Characterization of sample preparation methods of NIH/3T3 fibroblasts for ToF-SIMS analysis

TitleCharacterization of sample preparation methods of NIH/3T3 fibroblasts for ToF-SIMS analysis
Publication TypeJournal Article
Year of Publication2013
AuthorsRobinson MA, Castner DG
JournalBiointerphases
Volume8
Pagination15
Date Published2013/07/05
ISBN Number1559-4106
Keywordscells, depth profile, sample preparation, tof-sims
Abstract

The information that is obtained from single cells during time-of-flight secondary ion mass spectrometry (ToF-SIMS) analysis is influenced by the method that was used to prepare the cells. The removal of extracellular media before analysis is necessary, but the rinsing technique should not damage the plasma membrane of the cell. The presence of intracellular salts reduced the secondary ion yield an average of 2.6-fold during Bi3 +/C60 ++ depth profiles.
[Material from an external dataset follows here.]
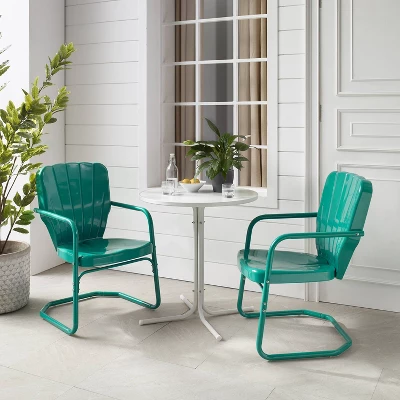 Ridgeland 3pc Outdoor Bistro Set With Table & 2 Chairs - Turquoise Gloss - Crosley 3 Ridgeland 3pc Outdoor Bistro Set With Table & 2 Chairs - Turquoise Gloss - Crosley - Image 3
Chemical fixation followed by rinsing removed a majority of the intracellular salts, “recovering” the positive secondary ion yields. The formaldehyde-fixation process removed a majority of the intracellular Cl-, but other key anions were not removed in significant amounts. The data presented here is consistent the anion neutralization mechanism largely responsible for the lower ion yields. All of the organic secondary ions that were detected in the freeze-dried cells were also detected in the formaldehyde-fixed cells, suggesting that the fixation process did not remove any molecular species to an extent that is detectable by ToF-SIMS. Compared to freeze dried cells, well preserved, frozen-hydrated cells showed little increase, or a decreased yield, for most low mass ions, but an increased yield for larger mass fragments. This is consistent with a reduced damage cross section at cryogenic analysis temperatures, although proton donation from water and reduction the salt effects in the presence of water likely also play roles. Numerous ions detected from the frozen-hydrated cells were not detected from the freeze dried cells, however many of these ions were attributed to chemical combinations of water, salts and the ammonium acetate rinsing solution.